I’ve got the perfect book for your list to Santa and for gift giving this year — Doughnuts by Lara Ferroni. Last year, I bid on several items in the Menu for Hope raffle to raise money for the World Food Program. Bloggers from all over the world offer prizes to raise money for the hungry. I was incredibly lucky to win a one-on-one day of coaching and cooking with Seattle food stylist and photographer Lara Ferroni. My husband and I already had a trip planned to Seattle and Vancouver — and this proved to be the highlight of the trip.
Lara had just finished her book on doughnuts, but it hadn’t come out yet. We spent the day in her brand new Seattle photo studio talking about photography and making doughnuts. I had long admired Lara’s photography. Her photos making udon noodles are some of my all-time favorite food photos. The thing I’ve always admired about Lara’s work is how natural and sensual her photos are.
photos: Lara Ferroni
Doughnuts is the first (of many, hopefully) cookbook Lara has written, but her food photography has appeared in:
• Tacos: Authentic, Festive and Flavorful
• The Asian Grandmother’s Cookbook
• Gluten-Free Girl and the Chef
• Seattle Magazine
• Portland Monthly Magazine
• Chronicle Books, and many more.
Lara was kind enough to ask beforehand if I preferred cake doughnuts or raised (yeast) doughnuts. Having been seduced by the flashing red Krispy Kreme “hot” sign at an early age, I had to go with raised. And let me just say that Lara’s doughnuts were hands down, the best I’ve ever had. I’m not saying that to be polite. They were soft and yeasty and elevated even further into little pillows of perfection by her chocolate and vanilla glazes. I have dreamed of them ever since.
Her book was released recently and has been so popular that it's already had to be reprinted. She has recipes for a whole range of doughnuts from the basic raised and cake doughnuts, to old fashioned sour cream, apple cider, chocolate, even vegan and gluten-free doughnuts. And the flavors! Apple pie, orange cranberry, margarita, red velvet, cocoa nib, chocolate peanut butter, pb&j, chai, maple bacon and more. And that’s not all, there are even variations on glazes in the book: brown butter, maple, honey, citrus, bourbon, caramel… Is your mouth watering yet?

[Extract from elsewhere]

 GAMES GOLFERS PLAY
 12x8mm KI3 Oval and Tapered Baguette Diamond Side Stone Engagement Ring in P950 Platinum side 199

And before you go thinking you can’t make these if you don’t have a deep fryer, think again. Lara uses a La Creuset enameled cast iron pan in her kitchen.
First, I’d like to share with you some of the photo and styling tips I picked up that day. She uses a Canon 5D MkII, with a 100mm 2.8 macro or 90mm 2.8 tilt shift. She also uses Manfrotto tripod legs with an RRS ballhead with a quick release and Strobist Pro 2 light set.
• use everyday items like a large piece of Styrofoam for fill/light bounce in shadows
• use a dark background to make fast changing foods like melting ice cream or steamy tea show up
• try Yolo oversized paint sample posters for backgrounds
• let natural light come in from one direction
• use a black bounce to pull light out as needed
• shoot overhead for a more graphic image
• shoot portrait (vertical) shots to give more depth
• make your images real; for instance, props like linens can show creases and have relaxed folds like you just set them down
• give a sense of things running off to give context
• use sidelight and backlight
• shoot messy foods tighter to make them look more sensual
• on a big, busy salad platter: use a wider lens to get closer and show detail in some areas and softer focus in others
• for dappling, use a crocheted piece in bright light
• for front shadows, use lights at 10 and 2 positions, to keep from flattening
• show action when possible — stretchy cheese, a spoon lifting
• look at the individual components of a dish and think about what makes them visually interesting (the purple tips on lettuce, for instance)
I brought one of my favorite Austin treats to share with Lara, Kakawa chocolate-covered cocoa bean candies. She used them as one of our photo subjects that day. This is one of her shots.
This is a process shot I took of one of her earlier Kakawa set ups.
Lara also shared with me some cookbooks and photographers that she has been inspired by:
• the cookbook Lucid Food by Louisa Shafia
• The Complete Mushroom Book by Antonio Carluccio
• food photographer Christopher Hirsheimer
• food blogger and photographer Heidi Swanson
I wish I lived in Seattle so I could take advantage of some of Lara's other workshop offerings. Coming up in January, she's offering several food photography workshops. She also has a 3-day farm-to-table photo workshop planned for June that looks spectacular. Find more info on her workshops on her studio blog, Spare Room.
• Lara Ferroni's site
• if you want to get right to the doughnuts, here's a direct link to that section of her site
• photo tips (check out the great post on smoothing chocolate chips)
• objects and props
Next up, I'll post the recipe for traditional yeast raised doughnuts that Lara made for me that day.
Thanks again so much, Lara, for a great day, valuable instruction and tips, and, of course, the amazing doughnuts!